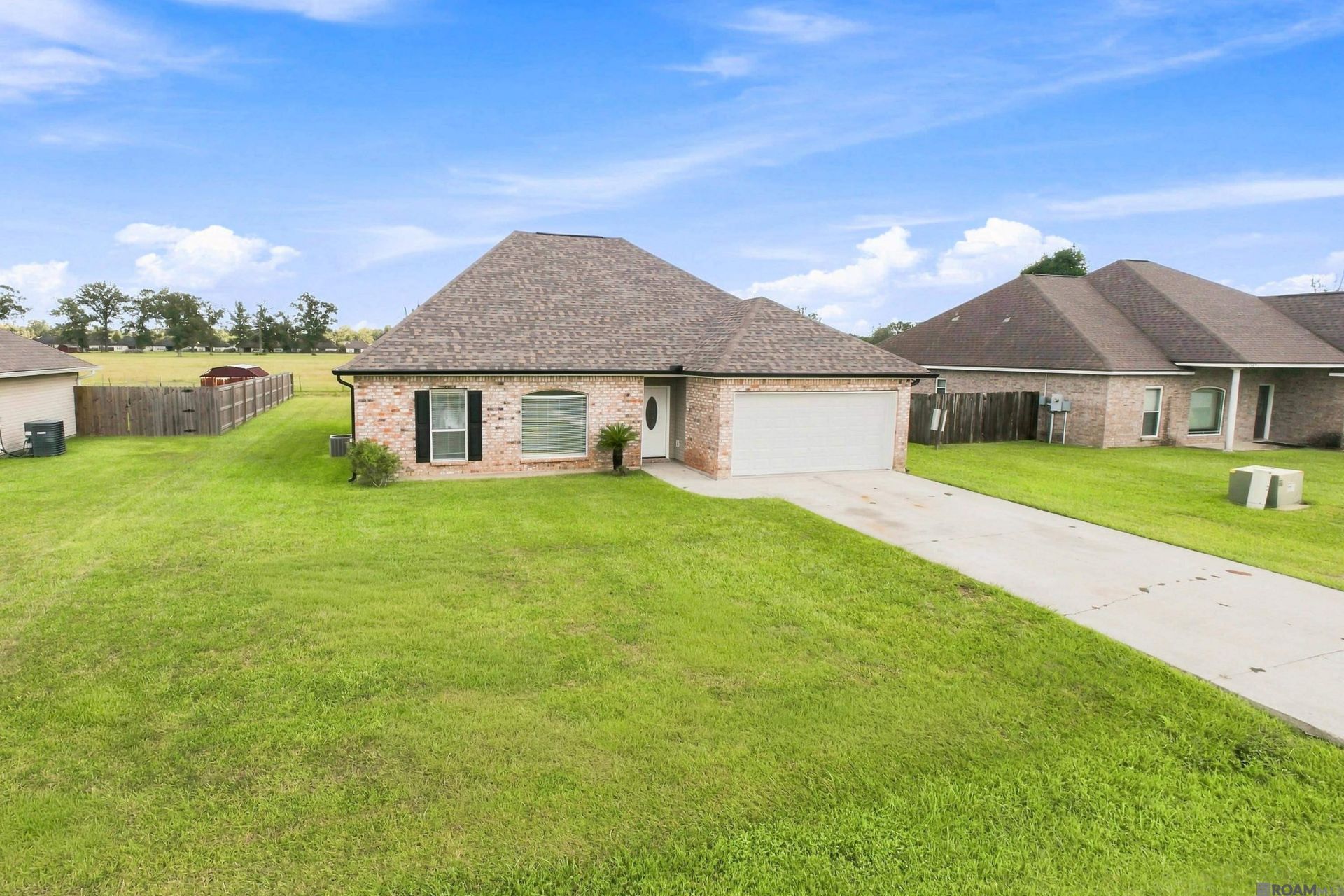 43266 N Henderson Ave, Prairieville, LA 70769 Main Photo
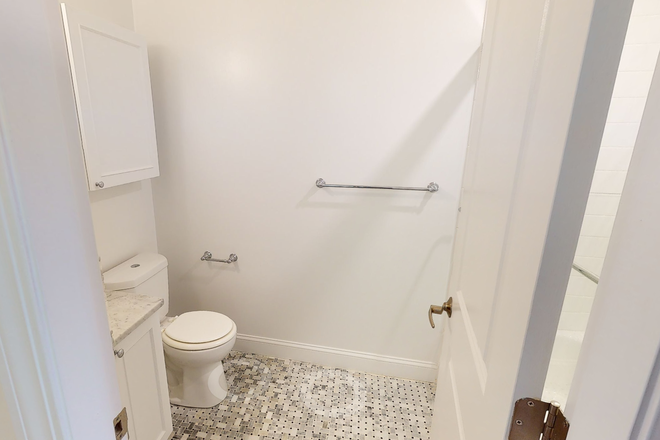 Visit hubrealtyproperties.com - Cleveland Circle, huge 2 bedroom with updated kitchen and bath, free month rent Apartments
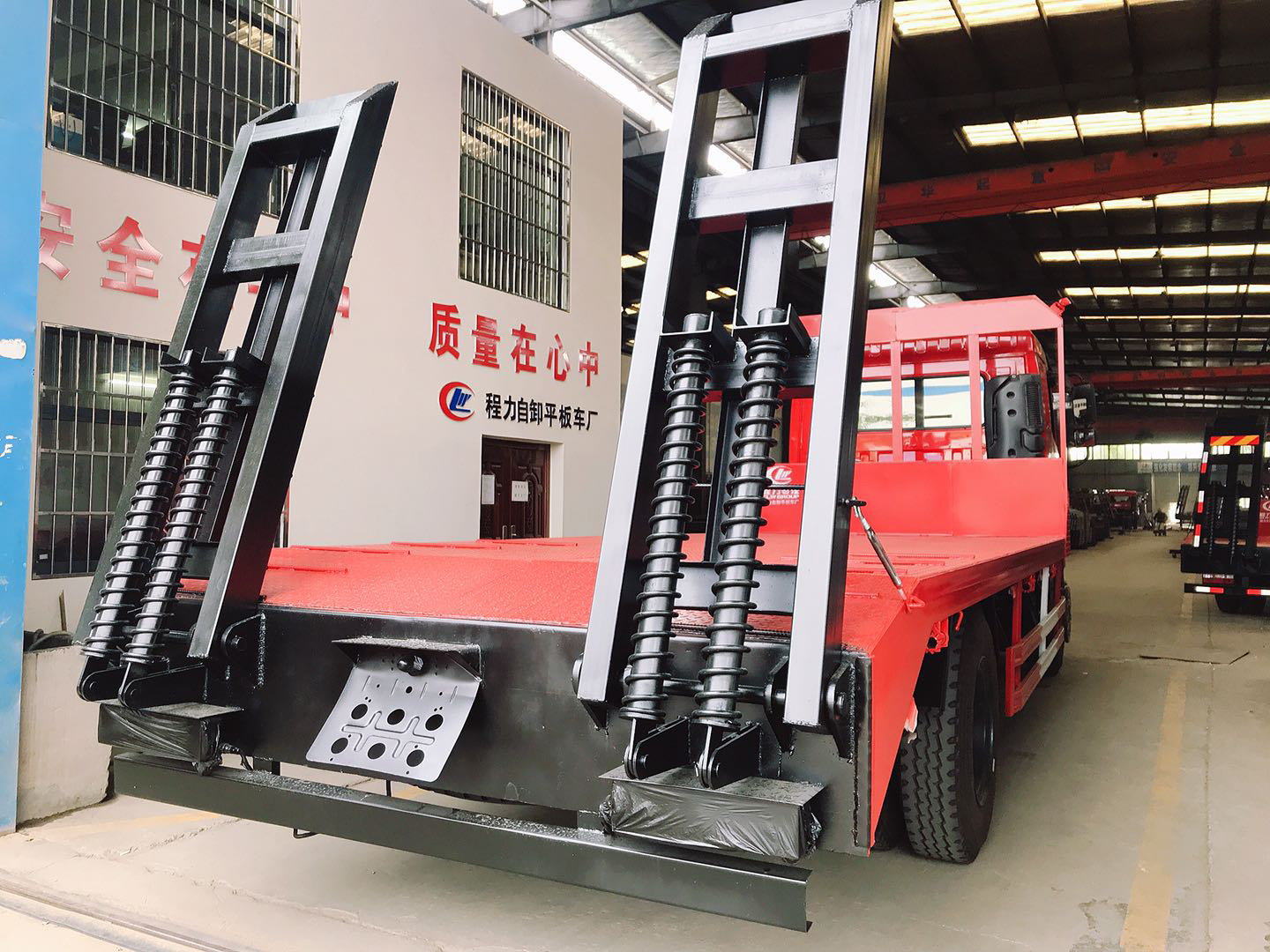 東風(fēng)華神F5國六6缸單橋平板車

________________

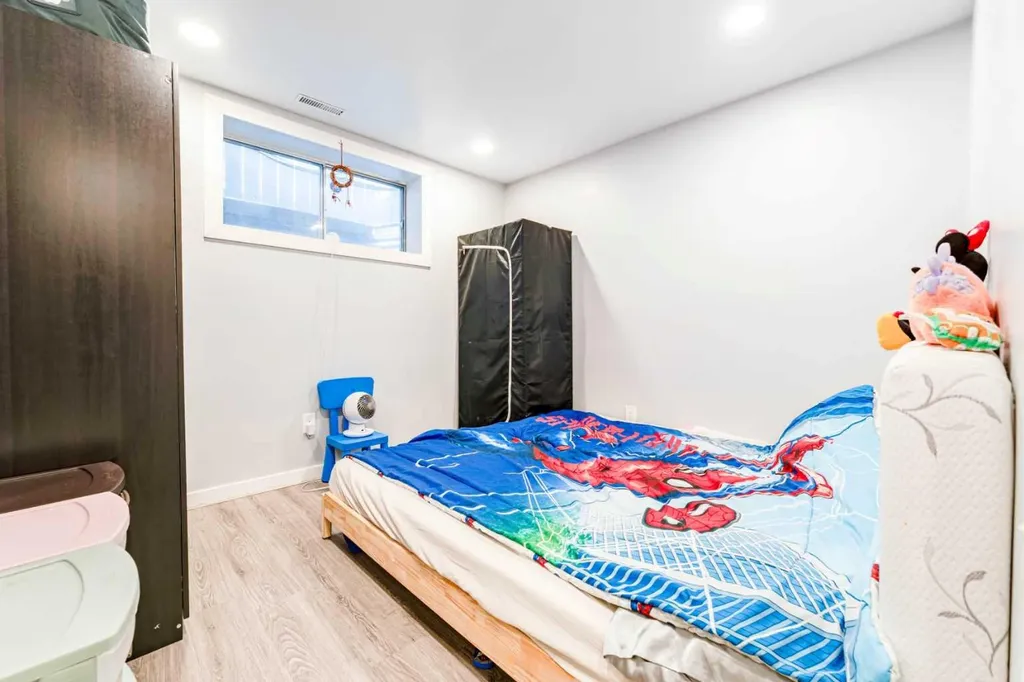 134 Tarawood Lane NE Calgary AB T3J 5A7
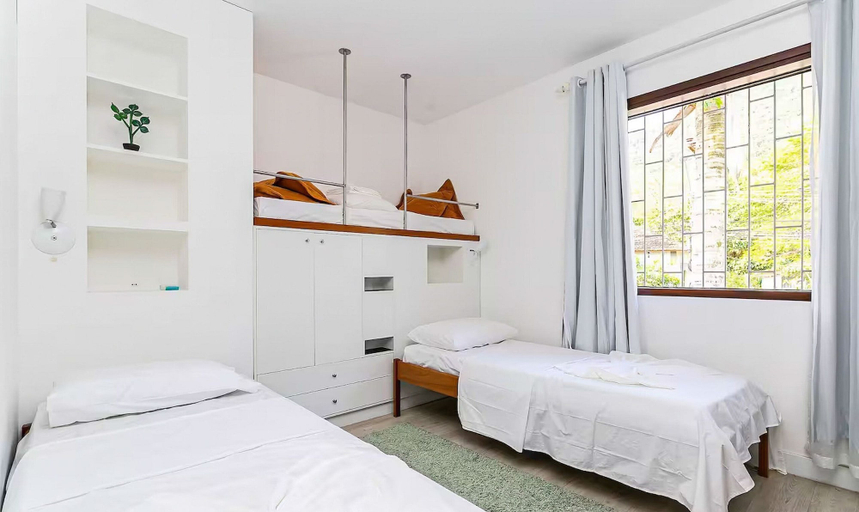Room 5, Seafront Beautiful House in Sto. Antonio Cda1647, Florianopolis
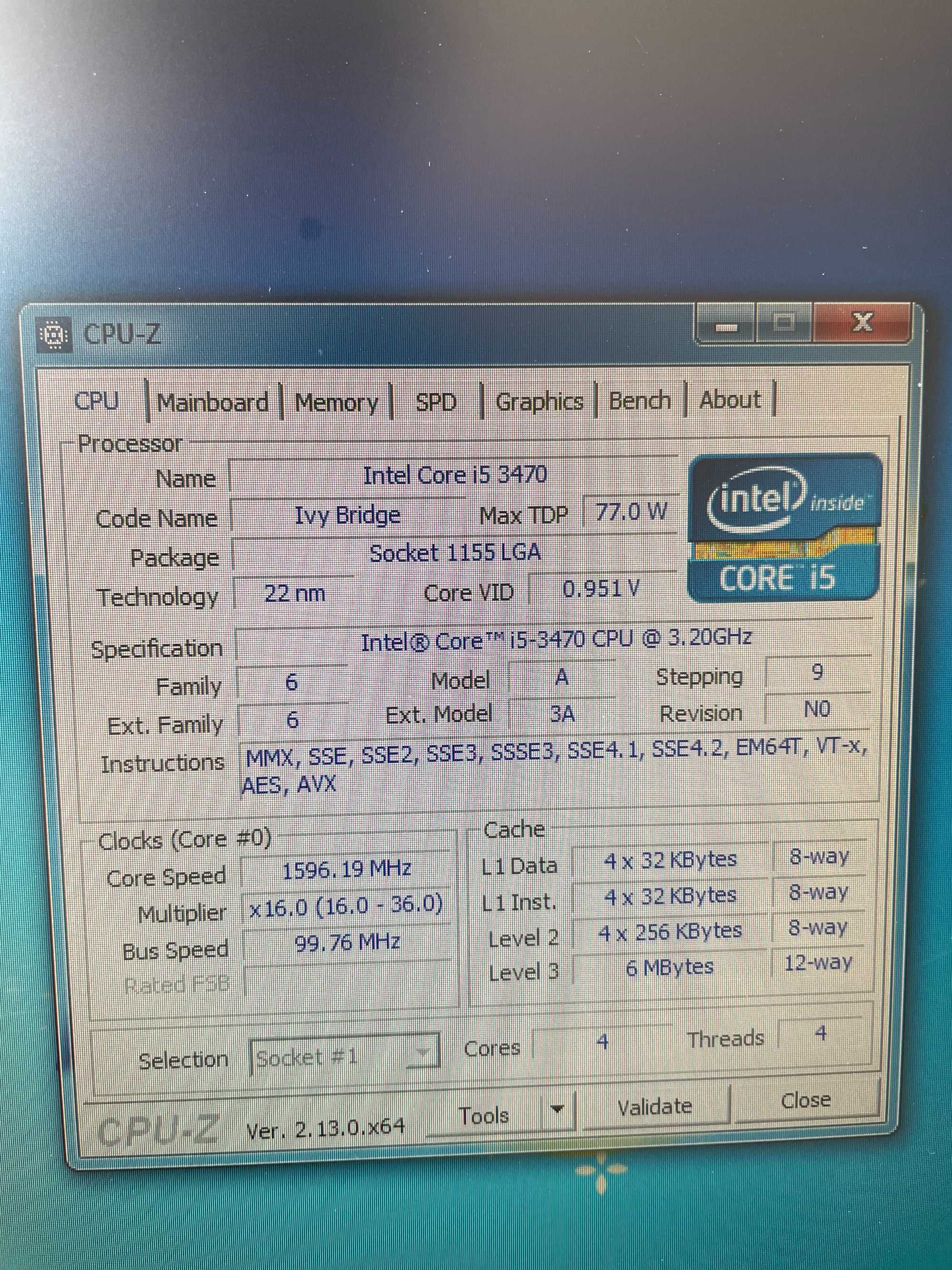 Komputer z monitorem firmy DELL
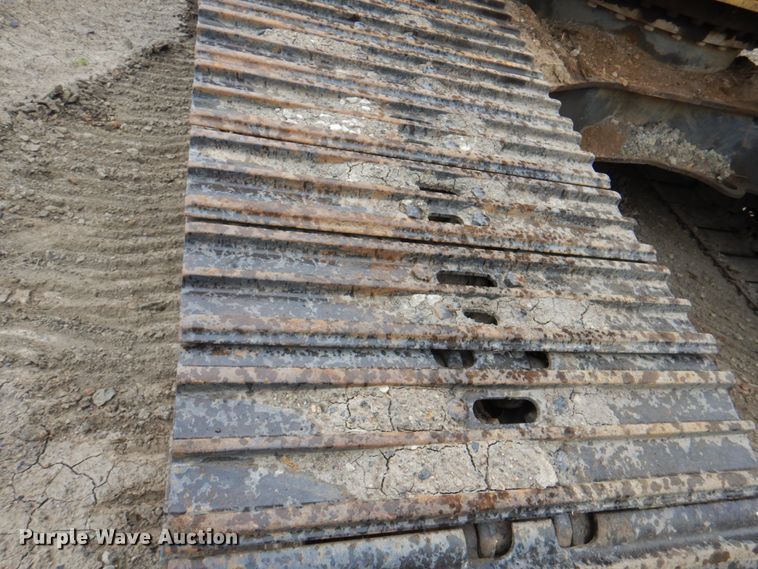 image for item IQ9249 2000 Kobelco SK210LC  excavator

________________

TASK DIRECTIONS. Leaving pictures out, output the lines of the data above from the one with "Visit hubrealtyproperties.com - Cleveland" through the one with "東風(fēng)華神F5國六6缸單橋平板車", word for word.

EXERCISE OUTPUT.
 Visit hubrealtyproperties.com - Cleveland Circle, huge 2 bedroom with updated kitchen and bath, free month rent Apartments
 東風(fēng)華神F5國六6缸單橋平板車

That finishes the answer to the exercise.